The Government Accountability Office (GAO) has come out with yet another report lambasting the federal food safety system for being fragmented and in need of reform, this time calling on the Office of Management and Budget to facilitate better governmentwide coordination.
In a report released Friday, GAO noted that while President Obama’s Food Safety Working Group was a “positive first step,” additional interagency planning will be necessary to streamline food safety oversight at the federal level. The accountability report comes on the tails of a governmentwide report on inefficiency and redundancy that recommended a consolidation of food safety oversight, which is currently in the hands of 15 agencies, into a single food safety agency.

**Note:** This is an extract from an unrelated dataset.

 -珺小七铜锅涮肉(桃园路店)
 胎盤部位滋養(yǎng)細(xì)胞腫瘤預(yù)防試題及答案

“For more than a decade, GAO has reported on the fragmented nature of federal food safety oversight and how it results in inconsistent oversight, ineffective coordination, and inefficient use of resources,” the agency noted.
Since 2007, GAO has flagged food safety as a “high-risk” issue in need of attention and issued over a dozen reports highlighting various vulnerabilities and illustrating the divides in jurisdiction. The U.S. Food and Drug Administration (FDA) is charged with overseeing approximately 80 percent of the food supply, pretty much everything except meat, poultry, and processed egg products — those fall under the purview U.S. Department of Agriculture (USDA).
As Food Safety News‘ Gretchen Goetz recently explained, the logic behind food product jurisdiction can seem nonsensical: “The rules that determine which agency is responsible for which food can be complex, and sometimes the division of labor defies categorization altogether.”
Among the recent reports focused on food safety: in 2009, GAO found gaps in import safety. Last year, GAO called on FDA to have more transparency regarding irradiation and blasted USDA’s Food Safety and Inspection Service for inconsistent enforcement of humane slaughter laws — to name a few.
The new report recommends that the Office of Management and Budget, in consultation with the involved food safety agencies, develop a “government wide performance plan for food safety” that is results-oriented, and discuss strategy and resource management. GAO recommends the report be updated annually.